Expected Annan replacement urges powers to unite on Syria

By: Louis Charbonneau

UNITED NATIONS – The man expected to replace Kofi Annan as the U.N.-Arab League mediator on Syria, Lakhdar Brahimi of Algeria, on Friday urged world leaders to overcome their differences on a 17-month-old conflict that is descending deeper into full-scale civil war.

“The U.N. Security Council and regional states must unite to ensure that a political transition can take place as soon as possible,” Brahimi said in a statement published on the website of The Elders, an independent group of global leaders committed to peace and human rights.

“Millions of Syrians are clamoring for peace,” Brahimi said. “World leaders cannot remain divided any longer, over and above their cries.”

It is Brahimi’s first public statement on Syria since diplomats told Reuters on Thursday that U.N. Secretary-General Ban Ki-moon was expected to name the veteran Algerian diplomat as early as next week to replace Annan.

Annan, a former U.N. secretary-general and Nobel Peace Prize laureate, said he would step down on Aug. 31 because he was not able to carry out his job with the U.N. Security Council’s veto powers hopelessly divided and deadlocked.

There are no signs that Brahimi will get his wish anytime soon, if at all. The divisions on the Security Council – above all the split between the United States and Russia – run deep.

Russia, with the aid of China, has vetoed three resolutions criticizing and threatening sanctions against Damascus for its 17-month attempt to use military force and heavy arms to crush an increasingly militant opposition. One senior Western envoy said more than 20,000 people have been killed by Assad’s forces.

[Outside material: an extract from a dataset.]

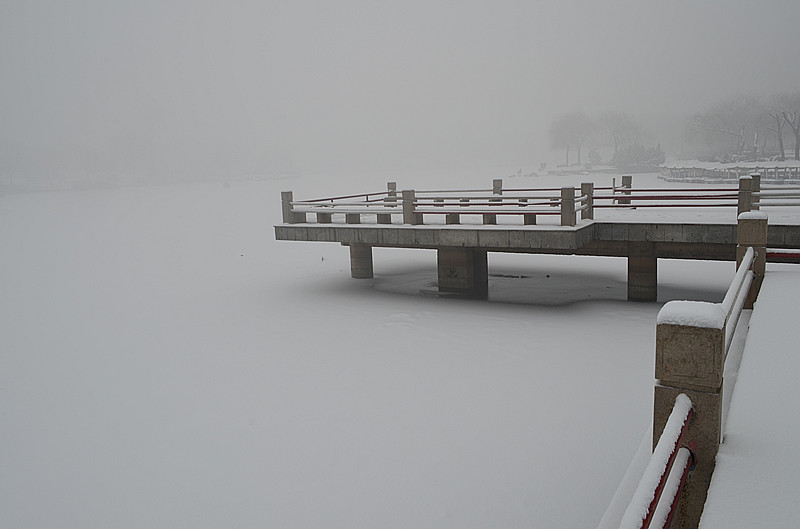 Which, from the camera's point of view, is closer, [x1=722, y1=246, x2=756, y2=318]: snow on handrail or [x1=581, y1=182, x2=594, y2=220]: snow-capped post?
[x1=722, y1=246, x2=756, y2=318]: snow on handrail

Washington, U.N. diplomats said, saw little point in replacing Annan since Moscow continues to support Syrian President Bashar al-Assad and opposes sanctions intended to pressure Damascus into halting the violence.

It also believes the deadlocked Security Council cannot play a constructive role in the conflict and intends to bypass it in the future. The administration of U.S. President Barack Obama is instead moving, albeit cautiously, to increase its backing for anti-Assad rebels.

The United States blames Russia for undermining Annan’s attempts to secure a ceasefire and implement a six-point peace plan that was embraced by the government and rebels but never implemented.

Moscow, Syria’s chief ally and principal arms supplier, blames the United States, Qatar and Saudi Arabia for supporting Syrian rebels, including providing weapons. It also says Washington and its European allies on the Security Council have rejected “reasonable” proposals for resolving the conflict.

Brahimi, 78, has served as a U.N. special envoy in a series of challenging circumstances, including in Iraq after the U.S. invasion that toppled Saddam Hussein; in Afghanistan both before and after the end of Taliban rule, and in South Africa as it emerged from the apartheid era.